Task directions -
Below is a listing; transcribe it exactly but without any images.

Supplied data -
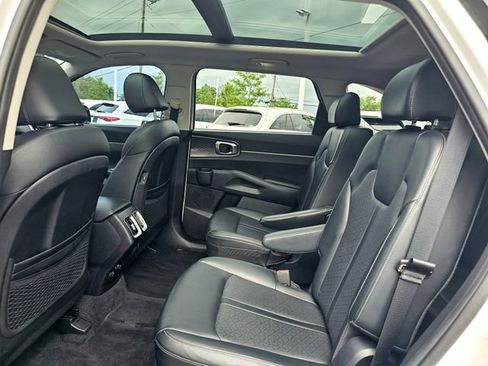 Used 2023 Kia Sorento S w/ Panoramic Sunroof Package FWD image 21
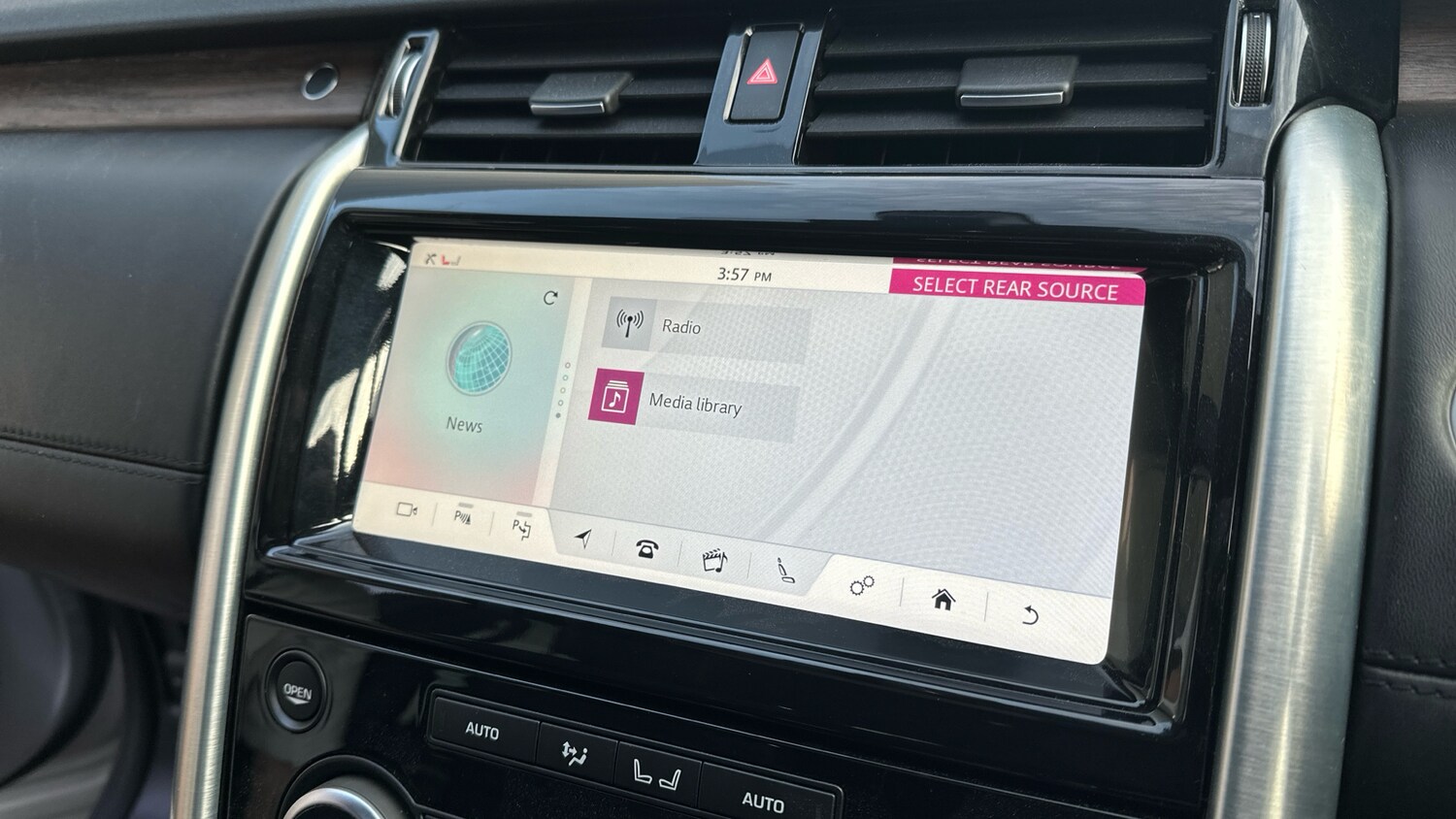 Used Land Rover Discovery 2019 for sale - 76355399: Photo 56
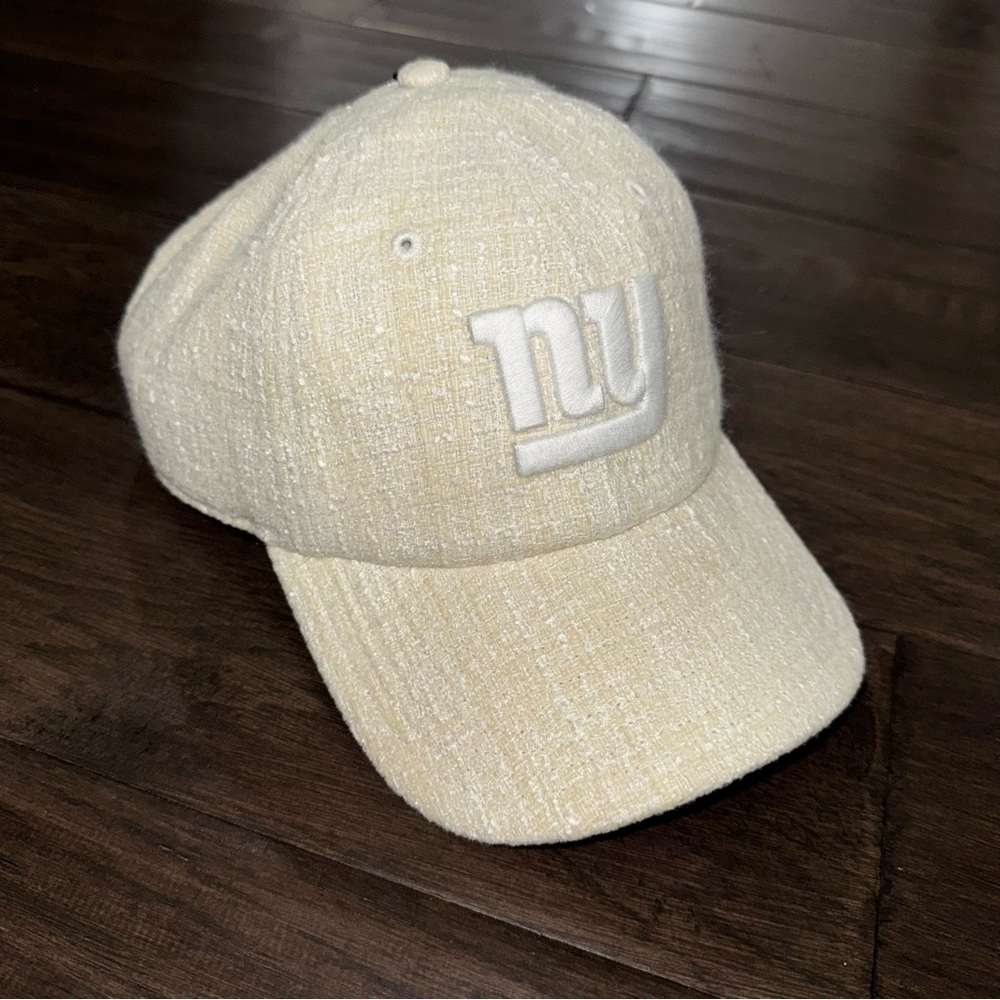 Cream NY Giants Logo Cap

Response box -
 Used 2023 Kia Sorento S w/ Panoramic Sunroof Package FWD image 21
 Used Land Rover Discovery 2019 for sale - 76355399: Photo 56
 Cream NY Giants Logo Cap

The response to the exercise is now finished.